*** INPUT DATA

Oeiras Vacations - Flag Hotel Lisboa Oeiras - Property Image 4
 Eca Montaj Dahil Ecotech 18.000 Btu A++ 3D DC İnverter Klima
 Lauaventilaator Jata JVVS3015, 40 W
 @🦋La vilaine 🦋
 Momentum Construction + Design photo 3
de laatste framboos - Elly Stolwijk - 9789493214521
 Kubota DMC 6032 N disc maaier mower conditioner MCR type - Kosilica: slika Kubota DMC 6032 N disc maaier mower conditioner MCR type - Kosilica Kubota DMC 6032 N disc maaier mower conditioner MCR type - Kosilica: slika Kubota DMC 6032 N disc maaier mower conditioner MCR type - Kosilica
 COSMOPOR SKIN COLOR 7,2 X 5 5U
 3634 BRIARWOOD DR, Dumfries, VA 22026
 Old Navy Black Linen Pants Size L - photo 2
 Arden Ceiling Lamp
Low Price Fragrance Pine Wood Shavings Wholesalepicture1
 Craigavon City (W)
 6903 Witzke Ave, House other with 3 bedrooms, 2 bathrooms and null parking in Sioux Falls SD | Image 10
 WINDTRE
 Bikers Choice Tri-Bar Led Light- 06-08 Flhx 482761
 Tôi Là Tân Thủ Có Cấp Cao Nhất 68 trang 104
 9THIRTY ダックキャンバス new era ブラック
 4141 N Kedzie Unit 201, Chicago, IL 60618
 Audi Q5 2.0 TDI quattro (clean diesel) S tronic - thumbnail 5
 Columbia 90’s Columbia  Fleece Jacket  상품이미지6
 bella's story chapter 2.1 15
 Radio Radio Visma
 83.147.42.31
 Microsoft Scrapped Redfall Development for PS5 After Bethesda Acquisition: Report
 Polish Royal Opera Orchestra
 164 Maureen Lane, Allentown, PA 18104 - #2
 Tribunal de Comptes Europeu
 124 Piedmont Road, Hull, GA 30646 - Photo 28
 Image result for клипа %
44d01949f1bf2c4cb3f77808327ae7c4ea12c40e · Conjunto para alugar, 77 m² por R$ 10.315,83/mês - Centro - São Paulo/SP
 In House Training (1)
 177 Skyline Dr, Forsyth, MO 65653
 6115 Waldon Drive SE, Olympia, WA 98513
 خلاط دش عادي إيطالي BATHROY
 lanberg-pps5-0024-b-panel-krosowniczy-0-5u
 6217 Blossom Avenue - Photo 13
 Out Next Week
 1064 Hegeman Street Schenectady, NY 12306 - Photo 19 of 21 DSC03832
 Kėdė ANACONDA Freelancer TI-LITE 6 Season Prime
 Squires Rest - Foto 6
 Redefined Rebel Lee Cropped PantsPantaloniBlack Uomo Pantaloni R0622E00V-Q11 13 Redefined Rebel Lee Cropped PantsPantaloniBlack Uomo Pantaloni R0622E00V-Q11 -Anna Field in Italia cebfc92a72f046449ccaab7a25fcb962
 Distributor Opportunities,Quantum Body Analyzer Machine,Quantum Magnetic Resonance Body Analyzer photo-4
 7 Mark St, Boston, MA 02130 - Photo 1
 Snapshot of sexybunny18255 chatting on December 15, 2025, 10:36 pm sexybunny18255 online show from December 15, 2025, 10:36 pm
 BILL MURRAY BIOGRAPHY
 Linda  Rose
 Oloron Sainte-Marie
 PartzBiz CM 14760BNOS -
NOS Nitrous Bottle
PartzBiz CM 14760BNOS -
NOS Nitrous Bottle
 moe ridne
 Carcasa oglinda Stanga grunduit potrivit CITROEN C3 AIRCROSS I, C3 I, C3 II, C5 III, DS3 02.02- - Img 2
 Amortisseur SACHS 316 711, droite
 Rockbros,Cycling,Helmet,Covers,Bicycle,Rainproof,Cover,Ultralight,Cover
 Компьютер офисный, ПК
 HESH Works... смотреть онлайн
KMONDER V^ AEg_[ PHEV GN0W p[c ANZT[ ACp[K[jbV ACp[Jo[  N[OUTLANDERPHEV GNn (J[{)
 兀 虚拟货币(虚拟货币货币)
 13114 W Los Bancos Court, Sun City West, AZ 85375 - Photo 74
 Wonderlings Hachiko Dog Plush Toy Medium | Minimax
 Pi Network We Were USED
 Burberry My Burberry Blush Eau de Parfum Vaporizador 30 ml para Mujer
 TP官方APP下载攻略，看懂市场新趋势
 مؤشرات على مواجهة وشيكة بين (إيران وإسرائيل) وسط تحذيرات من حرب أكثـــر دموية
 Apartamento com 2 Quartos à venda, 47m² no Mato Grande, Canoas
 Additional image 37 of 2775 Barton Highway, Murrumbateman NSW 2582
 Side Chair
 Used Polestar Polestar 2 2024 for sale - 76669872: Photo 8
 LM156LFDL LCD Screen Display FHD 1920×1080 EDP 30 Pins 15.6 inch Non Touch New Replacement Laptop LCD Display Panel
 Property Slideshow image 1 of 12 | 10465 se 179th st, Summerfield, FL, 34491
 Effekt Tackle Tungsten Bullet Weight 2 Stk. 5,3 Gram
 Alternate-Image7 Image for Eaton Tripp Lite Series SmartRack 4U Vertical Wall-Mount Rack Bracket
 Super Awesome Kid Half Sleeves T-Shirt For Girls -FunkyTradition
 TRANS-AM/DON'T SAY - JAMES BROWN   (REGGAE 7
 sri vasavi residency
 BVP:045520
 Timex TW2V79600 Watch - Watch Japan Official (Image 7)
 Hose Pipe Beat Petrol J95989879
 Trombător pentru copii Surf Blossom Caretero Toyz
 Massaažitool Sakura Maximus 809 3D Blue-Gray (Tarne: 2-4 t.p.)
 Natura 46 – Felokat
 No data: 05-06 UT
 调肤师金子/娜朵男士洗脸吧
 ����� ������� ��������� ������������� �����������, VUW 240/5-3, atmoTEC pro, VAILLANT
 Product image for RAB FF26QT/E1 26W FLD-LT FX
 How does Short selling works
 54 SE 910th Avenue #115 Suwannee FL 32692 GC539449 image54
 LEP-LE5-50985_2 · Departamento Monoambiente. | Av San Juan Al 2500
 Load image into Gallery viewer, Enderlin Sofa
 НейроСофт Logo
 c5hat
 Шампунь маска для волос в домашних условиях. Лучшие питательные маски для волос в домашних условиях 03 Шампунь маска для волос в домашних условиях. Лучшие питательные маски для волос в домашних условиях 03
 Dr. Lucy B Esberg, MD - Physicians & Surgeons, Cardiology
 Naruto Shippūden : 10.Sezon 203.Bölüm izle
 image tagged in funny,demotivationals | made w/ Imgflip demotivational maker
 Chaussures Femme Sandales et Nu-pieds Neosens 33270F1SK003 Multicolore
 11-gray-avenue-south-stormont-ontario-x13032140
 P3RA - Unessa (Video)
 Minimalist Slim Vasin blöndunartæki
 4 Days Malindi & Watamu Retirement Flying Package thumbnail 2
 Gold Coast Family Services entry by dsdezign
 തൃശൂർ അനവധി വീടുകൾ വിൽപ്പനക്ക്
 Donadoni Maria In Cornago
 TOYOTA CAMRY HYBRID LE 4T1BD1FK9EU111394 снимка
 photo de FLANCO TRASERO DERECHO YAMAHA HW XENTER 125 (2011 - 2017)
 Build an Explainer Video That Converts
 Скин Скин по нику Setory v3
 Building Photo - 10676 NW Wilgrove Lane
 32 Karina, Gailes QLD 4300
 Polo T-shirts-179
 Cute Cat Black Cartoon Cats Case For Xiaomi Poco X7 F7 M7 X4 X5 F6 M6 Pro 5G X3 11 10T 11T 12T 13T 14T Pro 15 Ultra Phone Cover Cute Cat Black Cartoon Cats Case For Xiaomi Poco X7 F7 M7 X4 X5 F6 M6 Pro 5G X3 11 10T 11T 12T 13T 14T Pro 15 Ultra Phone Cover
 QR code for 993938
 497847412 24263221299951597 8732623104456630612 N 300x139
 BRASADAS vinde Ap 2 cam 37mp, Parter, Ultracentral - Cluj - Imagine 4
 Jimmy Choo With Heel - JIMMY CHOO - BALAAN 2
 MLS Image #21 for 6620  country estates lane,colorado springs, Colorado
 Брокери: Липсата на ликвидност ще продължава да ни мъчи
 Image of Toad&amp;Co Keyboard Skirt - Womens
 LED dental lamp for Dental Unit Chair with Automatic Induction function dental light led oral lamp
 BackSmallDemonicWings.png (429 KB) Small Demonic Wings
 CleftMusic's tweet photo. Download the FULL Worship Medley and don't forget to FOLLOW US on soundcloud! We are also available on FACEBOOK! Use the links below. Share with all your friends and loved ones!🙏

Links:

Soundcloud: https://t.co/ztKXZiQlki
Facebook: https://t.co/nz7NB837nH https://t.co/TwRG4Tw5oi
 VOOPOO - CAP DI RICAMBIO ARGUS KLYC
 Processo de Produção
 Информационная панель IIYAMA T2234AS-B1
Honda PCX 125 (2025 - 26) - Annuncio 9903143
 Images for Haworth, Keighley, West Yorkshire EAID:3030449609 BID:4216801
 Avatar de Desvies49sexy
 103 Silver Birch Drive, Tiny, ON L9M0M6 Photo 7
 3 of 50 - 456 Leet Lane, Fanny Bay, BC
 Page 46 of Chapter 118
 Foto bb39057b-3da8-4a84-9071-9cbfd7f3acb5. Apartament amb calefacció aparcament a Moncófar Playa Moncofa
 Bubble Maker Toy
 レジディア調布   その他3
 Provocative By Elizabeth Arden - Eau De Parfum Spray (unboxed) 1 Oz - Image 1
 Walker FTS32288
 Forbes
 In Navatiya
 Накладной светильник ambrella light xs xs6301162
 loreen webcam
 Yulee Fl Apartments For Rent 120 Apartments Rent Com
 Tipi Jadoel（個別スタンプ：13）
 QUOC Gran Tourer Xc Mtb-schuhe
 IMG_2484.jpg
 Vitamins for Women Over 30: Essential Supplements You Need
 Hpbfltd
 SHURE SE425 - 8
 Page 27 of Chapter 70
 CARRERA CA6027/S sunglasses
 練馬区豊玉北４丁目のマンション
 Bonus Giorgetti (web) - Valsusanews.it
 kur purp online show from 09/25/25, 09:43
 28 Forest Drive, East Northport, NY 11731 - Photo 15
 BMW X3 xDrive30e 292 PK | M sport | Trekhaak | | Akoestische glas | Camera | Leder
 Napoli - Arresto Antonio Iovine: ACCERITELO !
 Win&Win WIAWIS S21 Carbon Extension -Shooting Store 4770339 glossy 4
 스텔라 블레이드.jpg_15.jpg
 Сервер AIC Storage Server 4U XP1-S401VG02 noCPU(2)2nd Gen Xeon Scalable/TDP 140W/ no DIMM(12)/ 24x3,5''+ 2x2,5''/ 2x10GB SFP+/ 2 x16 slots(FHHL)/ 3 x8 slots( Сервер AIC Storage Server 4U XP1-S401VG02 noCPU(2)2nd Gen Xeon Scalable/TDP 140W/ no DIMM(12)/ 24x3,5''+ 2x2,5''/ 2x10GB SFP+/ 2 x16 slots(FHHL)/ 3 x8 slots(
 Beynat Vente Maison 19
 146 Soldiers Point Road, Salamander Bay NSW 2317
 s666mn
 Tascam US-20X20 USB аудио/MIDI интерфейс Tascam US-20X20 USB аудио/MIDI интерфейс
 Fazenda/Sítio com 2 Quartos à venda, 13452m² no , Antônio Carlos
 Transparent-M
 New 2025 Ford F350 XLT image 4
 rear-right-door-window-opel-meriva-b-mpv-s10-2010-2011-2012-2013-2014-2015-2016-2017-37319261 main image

******

> [PROBLEM TO WORK ON]: Starting with the first line of the data above, copy each line exactly until you reach the line with "7 Mark St, Boston, MA 02130 - Photo 1"; include that line as well.

> [ANSWER TO THE EXERCISE]:
Oeiras Vacations - Flag Hotel Lisboa Oeiras - Property Image 4
 Eca Montaj Dahil Ecotech 18.000 Btu A++ 3D DC İnverter Klima
 Lauaventilaator Jata JVVS3015, 40 W
 @🦋La vilaine 🦋
 Momentum Construction + Design photo 3
de laatste framboos - Elly Stolwijk - 9789493214521
 Kubota DMC 6032 N disc maaier mower conditioner MCR type - Kosilica: slika Kubota DMC 6032 N disc maaier mower conditioner MCR type - Kosilica Kubota DMC 6032 N disc maaier mower conditioner MCR type - Kosilica: slika Kubota DMC 6032 N disc maaier mower conditioner MCR type - Kosilica
 COSMOPOR SKIN COLOR 7,2 X 5 5U
 3634 BRIARWOOD DR, Dumfries, VA 22026
 Old Navy Black Linen Pants Size L - photo 2
 Arden Ceiling Lamp
Low Price Fragrance Pine Wood Shavings Wholesalepicture1
 Craigavon City (W)
 6903 Witzke Ave, House other with 3 bedrooms, 2 bathrooms and null parking in Sioux Falls SD | Image 10
 WINDTRE
 Bikers Choice Tri-Bar Led Light- 06-08 Flhx 482761
 Tôi Là Tân Thủ Có Cấp Cao Nhất 68 trang 104
 9THIRTY ダックキャンバス new era ブラック
 4141 N Kedzie Unit 201, Chicago, IL 60618
 Audi Q5 2.0 TDI quattro (clean diesel) S tronic - thumbnail 5
 Columbia 90’s Columbia  Fleece Jacket  상품이미지6
 bella's story chapter 2.1 15
 Radio Radio Visma
 83.147.42.31
 Microsoft Scrapped Redfall Development for PS5 After Bethesda Acquisition: Report
 Polish Royal Opera Orchestra
 164 Maureen Lane, Allentown, PA 18104 - #2
 Tribunal de Comptes Europeu
 124 Piedmont Road, Hull, GA 30646 - Photo 28
 Image result for клипа %
44d01949f1bf2c4cb3f77808327ae7c4ea12c40e · Conjunto para alugar, 77 m² por R$ 10.315,83/mês - Centro - São Paulo/SP
 In House Training (1)
 177 Skyline Dr, Forsyth, MO 65653
 6115 Waldon Drive SE, Olympia, WA 98513
 خلاط دش عادي إيطالي BATHROY
 lanberg-pps5-0024-b-panel-krosowniczy-0-5u
 6217 Blossom Avenue - Photo 13
 Out Next Week
 1064 Hegeman Street Schenectady, NY 12306 - Photo 19 of 21 DSC03832
 Kėdė ANACONDA Freelancer TI-LITE 6 Season Prime
 Squires Rest - Foto 6
 Redefined Rebel Lee Cropped PantsPantaloniBlack Uomo Pantaloni R0622E00V-Q11 13 Redefined Rebel Lee Cropped PantsPantaloniBlack Uomo Pantaloni R0622E00V-Q11 -Anna Field in Italia cebfc92a72f046449ccaab7a25fcb962
 Distributor Opportunities,Quantum Body Analyzer Machine,Quantum Magnetic Resonance Body Analyzer photo-4
 7 Mark St, Boston, MA 02130 - Photo 1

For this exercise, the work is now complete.